What to produce —
Your task is to write out every line of the data exactly. Drop the pictures.

Supplied material Start Marker

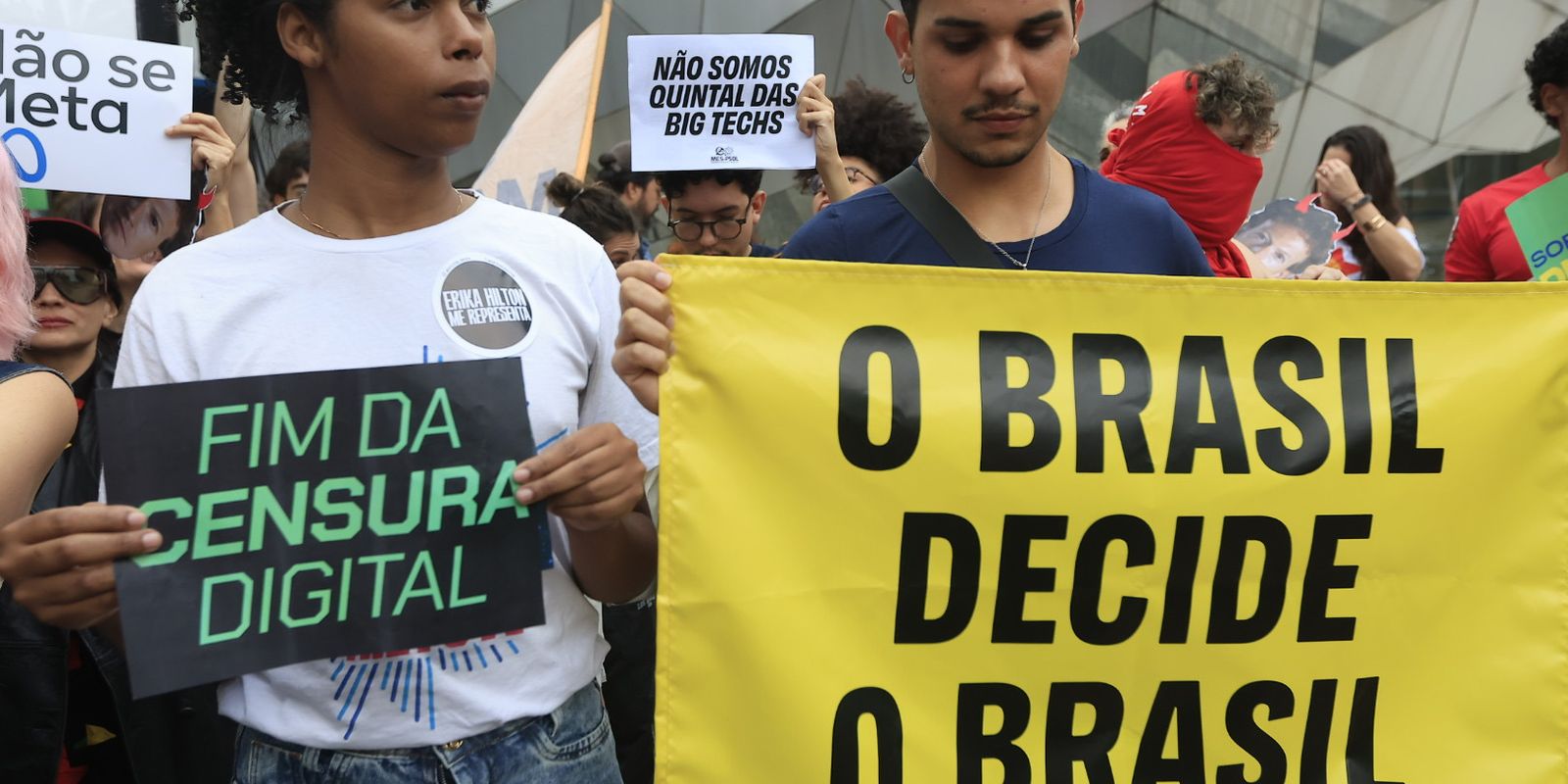 Sociedade civil manifesta preocupação ao TSE por censura nas redes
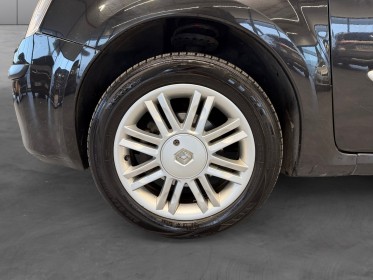 Renault modus 1.5 dci 80 initiale suivi renault - 2e main - etat irreprochable - distri et entetien a jour occasion...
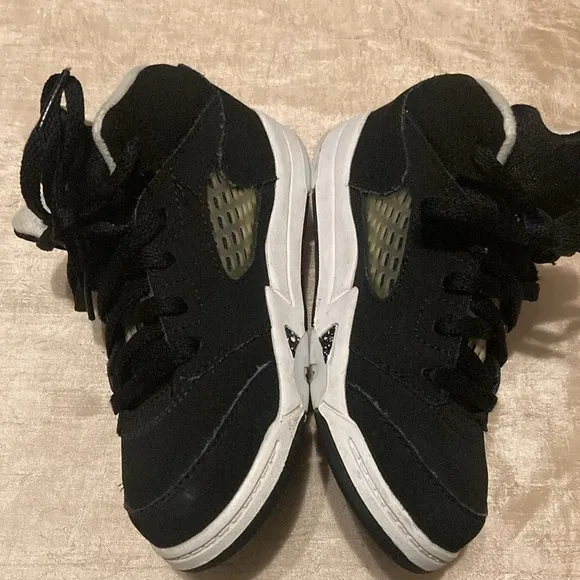 Nike Air Jordan 5 Retro Sneakers Kids Black Shoes 10C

Supplied material End Marker

Completed task —
 Sociedade civil manifesta preocupação ao TSE por censura nas redes
 Renault modus 1.5 dci 80 initiale suivi renault - 2e main - etat irreprochable - distri et entetien a jour occasion...
 Nike Air Jordan 5 Retro Sneakers Kids Black Shoes 10C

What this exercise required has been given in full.